Ok, then that is eliminated as a possibility of why the OTA recordings are MUCH larger than cable equivalent. Clearly the cable system must be rate shaping/bit starving the OTA channel.

If the OP is using the OTA Tivo to record OTA and the Comcast Cable TiVo to record Cable Channels (which would seem logical), then the MPEG4 (he listed the Chicago DMA) of the Cable Channels would explain why the Cable TiVo has 50% less space used than the OTA TiVo recording MPEG2.


----------



## rainwater (Sep 21, 2004)

SomeRandomIdiot said:


> Ok, then that is eliminated as a possibility of why the OTA recordings are MUCH larger than cable equivalent. Clearly the cable system must be rate shaping/bit starving the OTA channel.
> 
> If the OP is using the OTA Tivo to record OTA and the Comcast Cable TiVo to record Cable Channels (which would seem logical), then the MPEG4 (he listed the Chicago DMA) of the Cable Channels would explain why the Cable TiVo has 50% less space used than the OTA TiVo recording MPEG2.

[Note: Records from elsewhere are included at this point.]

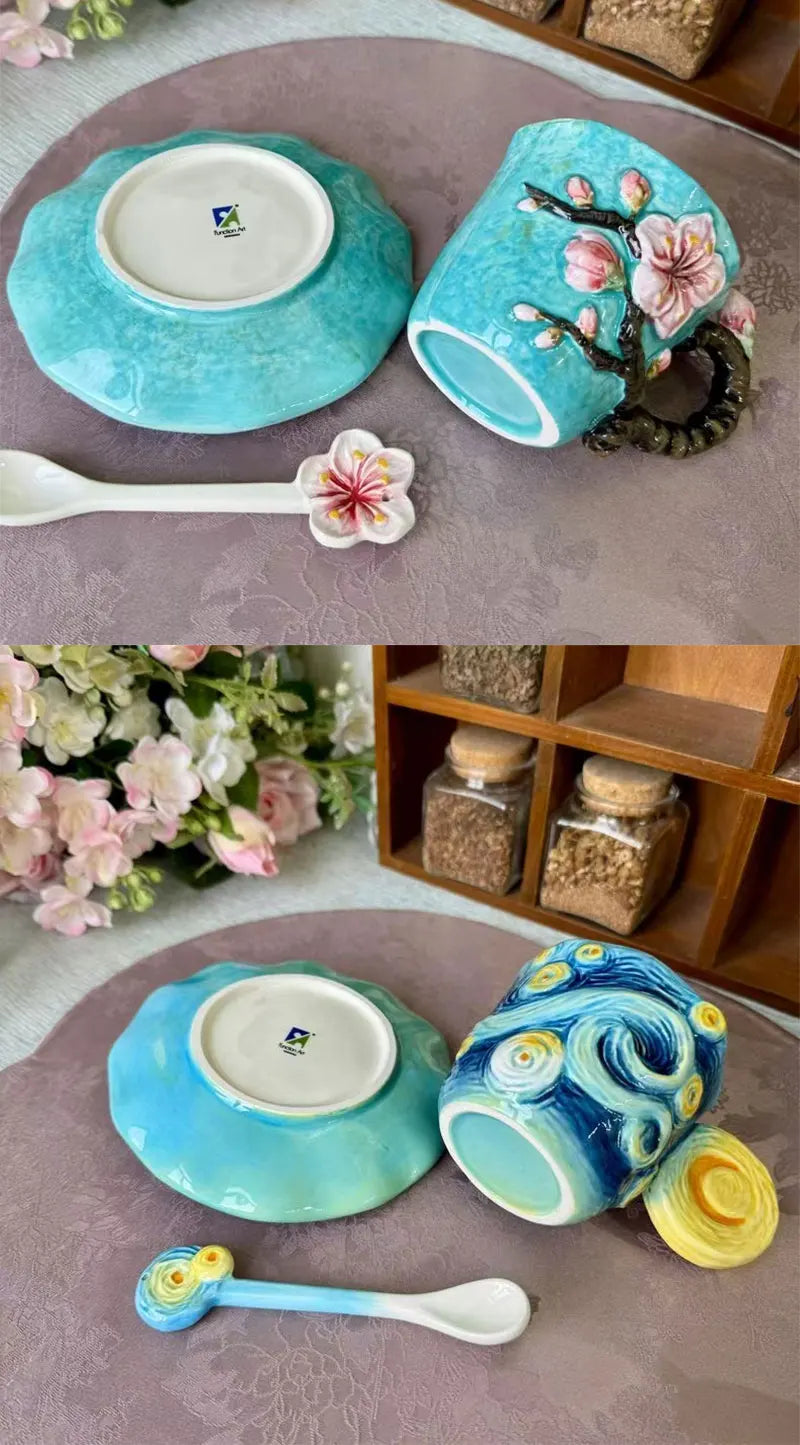 Porzellantasse – Unterglasur Sonnenblume – Umweltfreundlich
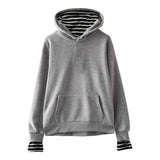 Solid Color False Two-piece Hooded Pullover Fleece Striped Oversleeves Korean Style Trendy Hooded Blank Fake Two Pieces Heritage cosmetics and beauty care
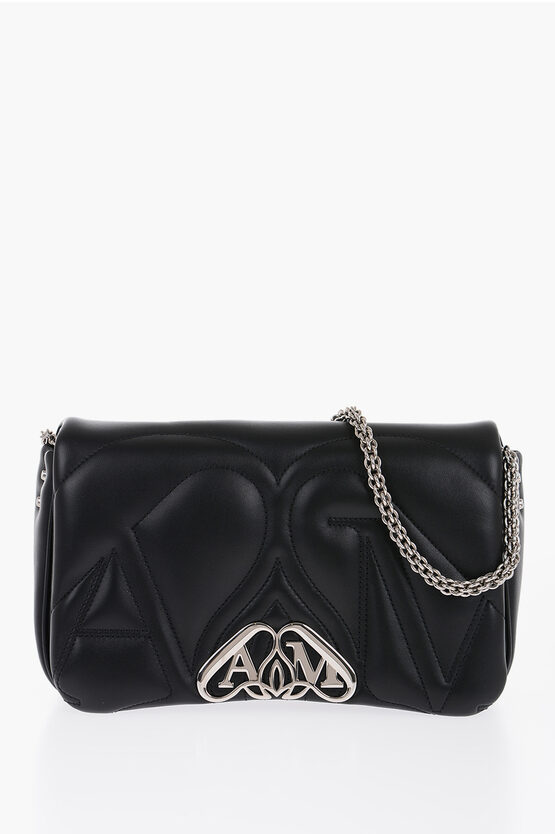 Shop Alexander Mcqueen Quilted Seal Bag With Removable Shoulder Strap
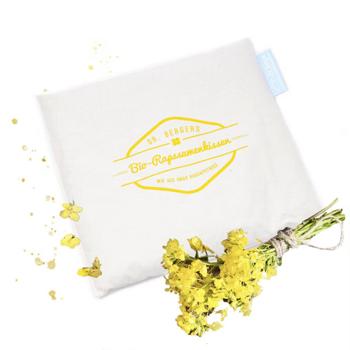 Hochwertiges Bio-Rapssamenkissen 25x25cm: Natürliches Wärme- & Kältekissen für Nacken, Schulter & Rücken; Sanftes Körnerkissen aus Bio-Baumwolle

Comcast doesn't use mpeg-4 for locals that I know of. Unless his market is some type of test system.


----------



## SomeRandomIdiot (Jan 7, 2016)

rainwater said:


> Comcast doesn't use mpeg-4 for locals that I know of. Unless his market is some type of test system.


I never said it did. Reread my post.

Cable Channels = Discovery, ESPN, Bravo, Disney, TNT, TBS

OTA Channels = CBS, NBC, ABC, FOX, PBS


----------



## rainwater (Sep 21, 2004)

SomeRandomIdiot said:


> I never said it did. Reread my post.
> 
> Cable Channels = Discovery, ESPN, Bravo, Disney, TNT, TBS
> 
> OTA Channels = CBS, NBC, ABC, FOX, PBS


Re-read the first post. The poster is talking about OTA recordings and the locals on Comcast. Those recordings would not be affected by mpeg-4.


----------



## SomeRandomIdiot (Jan 7, 2016)

rainwater said:


> Re-read the first post. The poster is talking about OTA recordings and the locals on Comcast. Those recordings would not be affected by mpeg-4.


You might want to check yourself and re read the OPs 2nd Paragraph. If realize you need to use some logic which is often in short supply, but if he is not recording OTAs via Comcast now, what Must he be recording on the Comcast TiVo?

Easier than many Aptitude Questions.

Apology accepted.


----------